An dieser Stelle gehen unsere Ansichten so weit auseinander, dass mir es angemessen erscheint, dies lediglich festzustellen. Agree to disagree?
Zitat von Emulgator im Beitrag #39Sie dürfen nicht verwechseln: Ein (kalter) Krieg ist eine Konfrontation zweier Staaten, die Diktatur in der SU war eine innere Angelegenheit. Natürlich ist beides miteinander dogmatisch verbunden gewesen, Weltrevolution und so, aber bei der VRC sieht man, daß beides völlig verschieden ist.
Sind Sie wirklich sicher, dass ich es bin, der hier etwas verwechselt? Die Diktatur in der SU: eine innere Angelegenheit? Sie haben Nerven...Das ist nicht mehr nett gegenüber denen, die unter sowjetischer Fremdherrschaft litten. Und für mich auch der abermalige Nachweis wie richtig Ulrich Elkmann und ich mit unserer Entgegnung hinsichtlich Ihrer "inneren Angelegenheiten" von Staaten lagen.

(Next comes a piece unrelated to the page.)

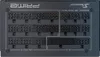 Seasonic Prime TX 1300 - síťový zdroj (interní) - ATX12V Náhled obrázku produktu 5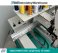 Tajima TEMX-C1501, single-head, 15-needle, commercial embroidery machine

Zitat von Emulgator im Beitrag #39Ich empfehle Ihnen den damaligen Botschafter der USA in Moskau Jack Matlock als Zeitzeugen.
Gute Empfehlung:
Zitat von http://en.wikipedia.org/wiki/Jack_F._Mat...ching_DiplomacyI don't see much difference between a communist regime and a fascist regime. In fact, I think one of the greatest intellectual confusions that many have had over these decades is the whole right and left thing -- fascists are on the right, communists are on the left. Nonsense! They come together and overlap, and we're seeing this in Russia today where the allies are the nationalistic chauvinists and the communists. They are natural allies because they are authoritarians by nature. And more than authoritarians, they tend to be totalitarians, which means that they tend to destroy all of the elements of the civil society. To me that's much more important than whether you're philosophically right or left. You know, are you willing to create and live in a civil society, in an open society, or not? That to me is the basic issue.
Zitat von Emulgator im Beitrag #39Der Westen hat den Marshallplan bekommen.
Hätte der gesamte Ostblock auch bekommen können. Ansonsten noch einmal: Agree to disagree?
Zitat von Erling Plaethe im Beitrag #42Die Sowjetunion war schon 1989 am Ende. Ihr offizielles Auflösungsdatum mag für Sie das historische sein. Das Ende des der Sowjetunion und des Ostblocks kam aber nicht über Nacht.
Stimmt zwar, aber 1990 hatte die SU noch ihre militärische und politische Macht. Das ist heute mit der Ukraine ja anders. Deswegen kann da einfach so ein Nachbarland Bewaffnete hinschicken.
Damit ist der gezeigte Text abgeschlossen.